必祠壊技ホコラブレイクが完成したのじゃな!」


 祠を模した的が砕けた。赤と黒の全身タイツに身を包んだ老師が喜んだ。老師の顔面はピエロのようなメイクに覆われている。そのメイクが喜びの涙で溶ける。


「はい老師。これで必ず故郷の祠を破壊します」

「うむ」


 老師は乳首を指で掴むような動作をし、ステップを踏んだ。禹歩ウホの一種である(と少なくとも老師は主張している)。

 このステップにより魔除けされ、弾丸や流行病も老師を避けていく。


 我が故郷は日本国憲法の通じない僻地、金鹿みなごろし村である。

 つまりは日本国から見れば異国である。

 山を越え、海を渡り村へ辿り着く。JRの最寄り駅は車で三時間ほどの遠くにある。離島なのか半島なのか不明だ。

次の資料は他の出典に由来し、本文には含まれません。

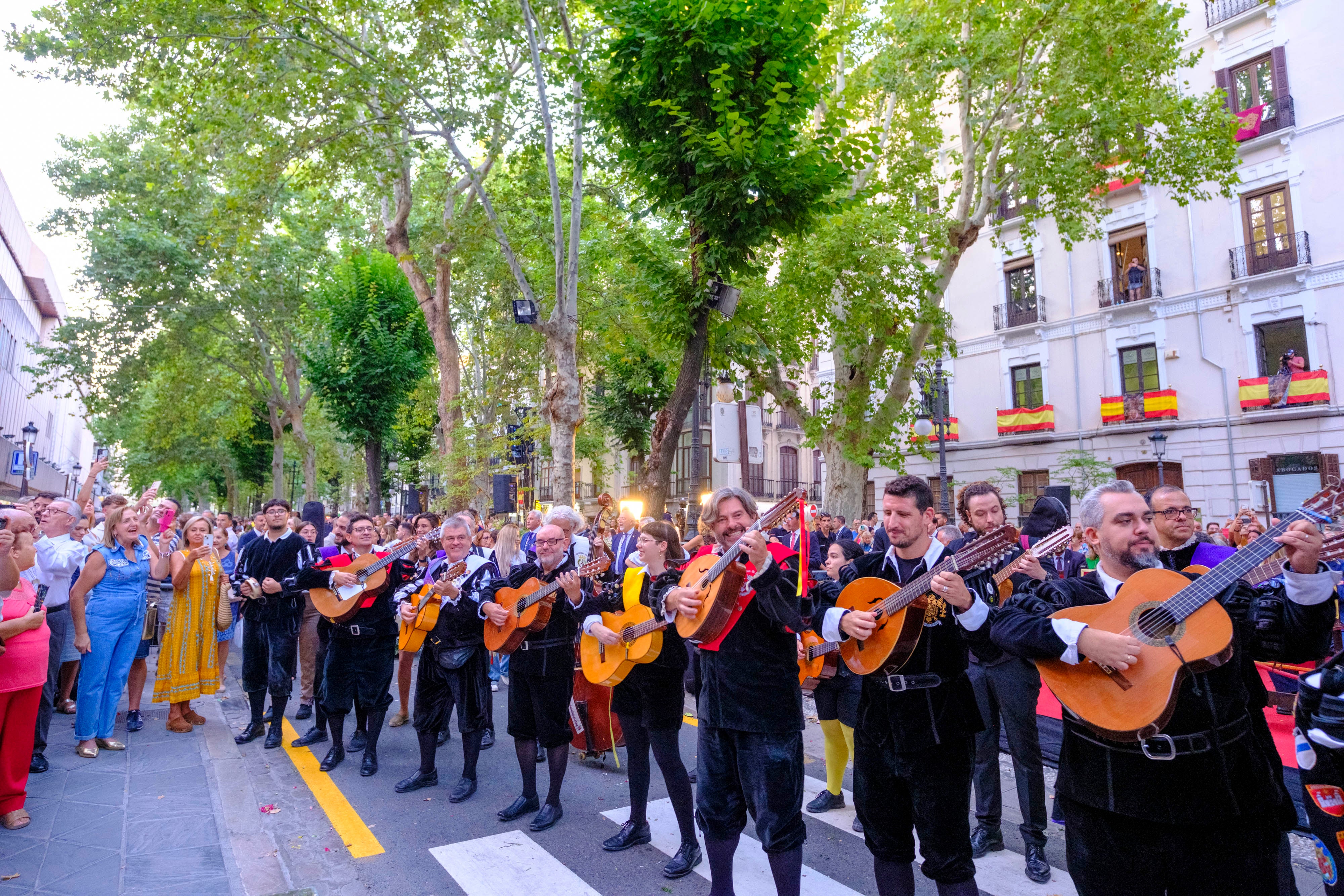 La ofrenda floral a la Virgen de las Angustias, en imágenes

 村の外周にはこれまで村に入った余所者たちが串刺しで晒されている。新しいものは肉が付いているが、古いものは骨ばかりになっている。


「みんな行くぜ!!」

「おう!!」


 俺が集めた仲間たちが俺の後ろをついてきてくれる。

 音楽を修める日々は、俺に仲間を与えてくれた。時にぶつかり合い、時にぶつかり合う仲間だ。老師は初期面子か。


「お主、祠を破壊しようというのか!?」


 紙に記録がなされる前から村に住む老人がまず立ちはだかる。

 老人はその不死性を活用し、防御無き拳打を繰り出すことができる。


「儂ではない。我が不肖の弟子が破壊するのだ」


 老師が老人に殴りかかる。老師はドラム担当だ。


「三千年鍛え続けたこのワシが、百年も生きていないガキ相手に後れを取るだと!?」


 老人は三千年間余所者を自身のサンドバッグとして殴り続けていた。その自信が打ち砕かれた。拳打のみを鍛え、上半身に比べて下半身が貧弱であったことが敗因か?

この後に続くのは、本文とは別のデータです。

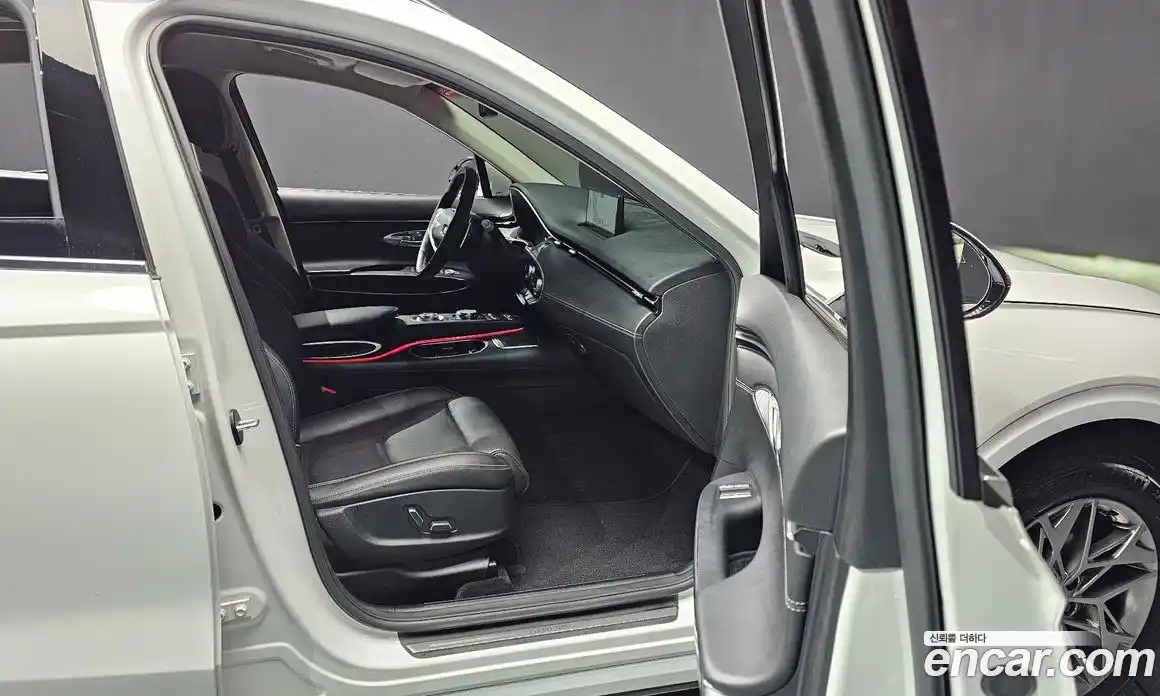 Genesis GV70 2023 2.5 Автомат в Москве № 13033, фото 17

「たわけ!片田舎で弱弱ヨワヨワとばかり戦っていたお主に儂が後攻を取ることなどあるか!!」

 

 老人を日本国まで吹き飛ばした。日本国憲法の九百九十九条に不死者の否定があり、老人の不死性は否定される。老人は死んだ。


「お兄さん、死んじゃうよ?」

「くすくす(笑)、祠が破壊されると呪い?が溢れ出るんだって?怖いね(笑)」


 黒髪と白髪の双子が立ちはだかる。闇属性と光属性の呪術攻撃には即死効果がある。目に見えない呪術攻撃を避けて間合いを詰めることは困難だ。

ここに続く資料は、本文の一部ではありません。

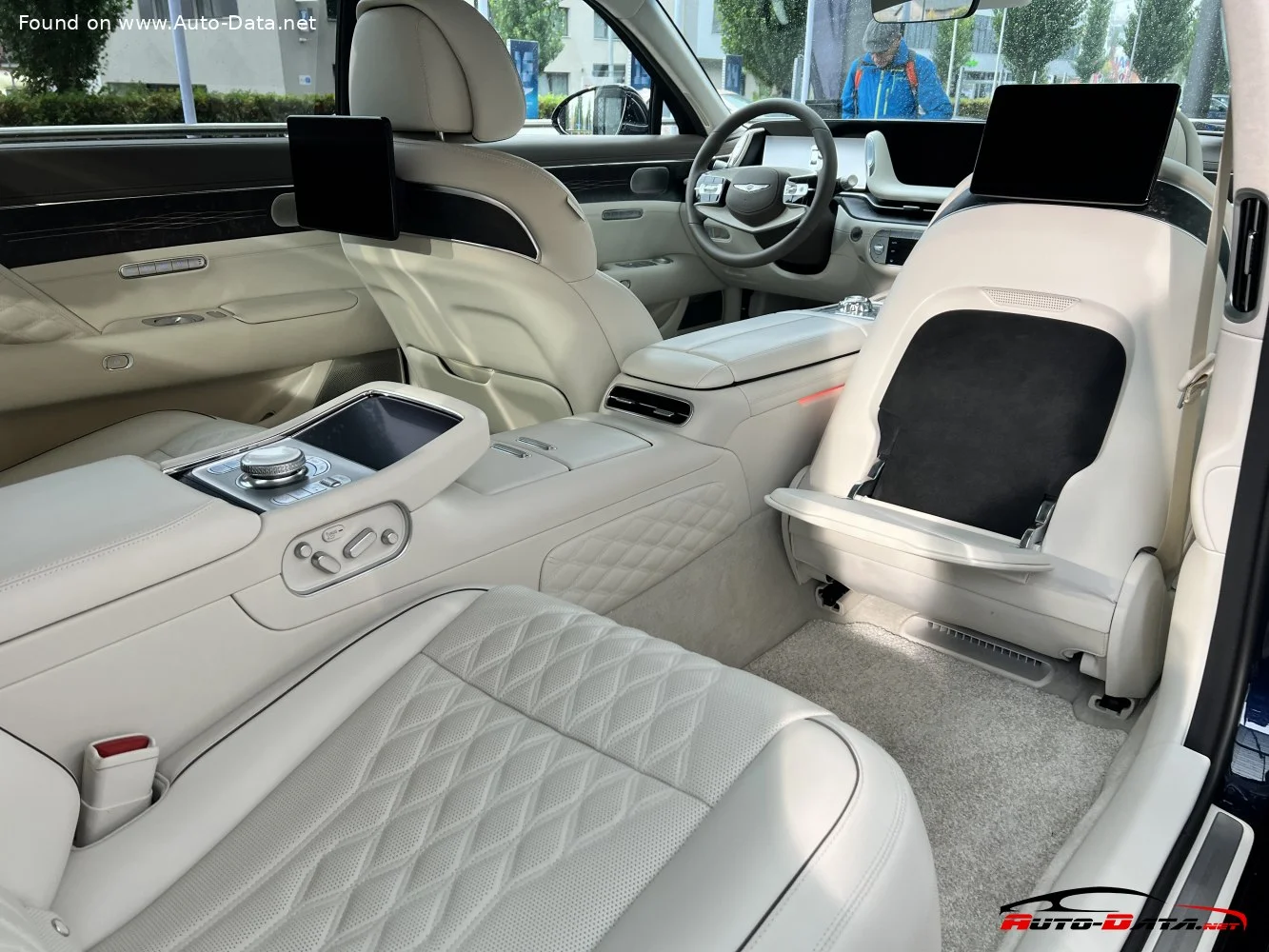 Genesis G90/EQ900 3.5 T-GDi e-S/C V6 (415 Hp) Mild Hybrid AWD Automatic 4 Seat2022 - thumbnail 11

 目には見えないが白い光や黒い光が俺たちに飛んでくる。俺は見えるが?


「呪術などという非科学的攻撃は効かぬわ!!」


 身長三メートルを超えるサイボーグ槙島が双子の頭を掴み、万力のように両手で潰していく。双子の頭が砕ける音が響き、二人の脳漿が一つに混ざり合う。身体の九十九割を機械化した槙島に呪術攻撃は効かない。

 ちなみに槙島の担当はベースだ。


「おいおい!俺が出るしかないのか?爺もガキどもも役に立ちやしないからこの俺がやるしかないか」


 一日に百本のタバコを吸うヤニカスのおっさんが火の付いたタバコから炎の龍を召喚する。普通の村人の中で最強の男だ。炎の龍は全ての存在を焼き尽くす。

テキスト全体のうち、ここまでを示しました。